Currently, the assessment of correct mask fit is verified using the M41 Protection Assessment Test System (M41 PATS). M41 PATS employs a particle counter that monitors the number of particles that are naturally present in ambient air and compares that number to the count of particles inside a protective mask (while the warfighter is wearing it). The numerical comparison results in a fit factor, which is a ratio of the outside-to-inside particles. The higher the fit factor, the better the mask fit.

Because protective masks filter the air that enters, the particle count inside a properly fitting mask should be very low compared to the number of particles in unfiltered air. However, a poorly fitting mask has gaps between the mask’s rubber gasket and the face, which allows unfiltered air to pass into the mask. The passage increases the number of particles inside the mask. While usable, M41 PATS has some weaknesses: it requires a controlled, indoor environment for testing, which means that warfighters are not performing their mask-fit tests in operationally relevant conditions; it needs alcohol to count particles, but the type of alcohol needed is not readily available in the field; and the device must be stationary during the fit test.

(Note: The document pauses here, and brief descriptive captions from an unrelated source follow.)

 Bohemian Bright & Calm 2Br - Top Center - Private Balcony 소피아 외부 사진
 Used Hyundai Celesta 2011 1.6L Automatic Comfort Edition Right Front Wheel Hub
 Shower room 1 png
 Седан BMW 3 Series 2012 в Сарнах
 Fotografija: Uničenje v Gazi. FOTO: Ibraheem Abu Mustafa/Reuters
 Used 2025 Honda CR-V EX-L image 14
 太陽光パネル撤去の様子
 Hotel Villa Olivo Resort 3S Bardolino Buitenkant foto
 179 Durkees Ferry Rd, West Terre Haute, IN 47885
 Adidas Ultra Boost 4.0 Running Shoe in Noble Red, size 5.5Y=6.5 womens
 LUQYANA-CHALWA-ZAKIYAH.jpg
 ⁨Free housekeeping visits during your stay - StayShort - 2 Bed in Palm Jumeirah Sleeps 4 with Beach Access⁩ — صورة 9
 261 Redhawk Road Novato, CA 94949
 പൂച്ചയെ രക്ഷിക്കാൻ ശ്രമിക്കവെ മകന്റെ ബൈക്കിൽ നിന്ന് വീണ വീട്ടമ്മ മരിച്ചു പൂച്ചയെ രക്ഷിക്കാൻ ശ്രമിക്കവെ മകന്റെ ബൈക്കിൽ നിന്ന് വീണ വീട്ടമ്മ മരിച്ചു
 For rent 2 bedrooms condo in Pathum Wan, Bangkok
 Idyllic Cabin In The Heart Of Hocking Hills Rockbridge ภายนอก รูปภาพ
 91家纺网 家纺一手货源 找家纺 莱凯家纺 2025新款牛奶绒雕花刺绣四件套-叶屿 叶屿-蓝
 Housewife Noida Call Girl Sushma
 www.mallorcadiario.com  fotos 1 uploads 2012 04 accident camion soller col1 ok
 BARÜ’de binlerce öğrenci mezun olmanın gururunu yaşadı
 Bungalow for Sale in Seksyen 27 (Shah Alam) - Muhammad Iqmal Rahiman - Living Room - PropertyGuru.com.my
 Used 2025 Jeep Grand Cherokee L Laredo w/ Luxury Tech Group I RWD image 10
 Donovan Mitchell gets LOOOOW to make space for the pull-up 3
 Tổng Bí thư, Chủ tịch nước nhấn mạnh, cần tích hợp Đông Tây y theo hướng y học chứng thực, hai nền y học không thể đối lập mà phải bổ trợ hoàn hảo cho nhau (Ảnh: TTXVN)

Unlike M41 PATS, WRPAS is a versatile device that is portable, functional in any physical orientation, and able to store and wirelessly transmit test data. WRPAS is a lightweight (about four pounds), wearable particle-counting system designed to measure the fit and integrity of a protective mask in a simulated, operational environment. The device simultaneously measures particles inside and outside of the mask, providing a continuous, real-time protection factor. WRPAS uses a water-based, particle-counting technology that is able to count particles as small as 10 nm, making it more sensitive than M41 PATS. The new device also stores and wirelessly communicates mask-fit data, which allows command teams to monitor, in real time, how well their warfighters’ faces are protected from threats. WRPAS is resistant to temperature extremes, pressure changes, and vibration fluctuations arising from movement. Also, the device operates in any orientation while the soldier is active (running, jogging, firing a weapon, etc.), which means that the data collected can inform what operational actions pose the highest risk of reducing the protection capability of a warfighter’s mask.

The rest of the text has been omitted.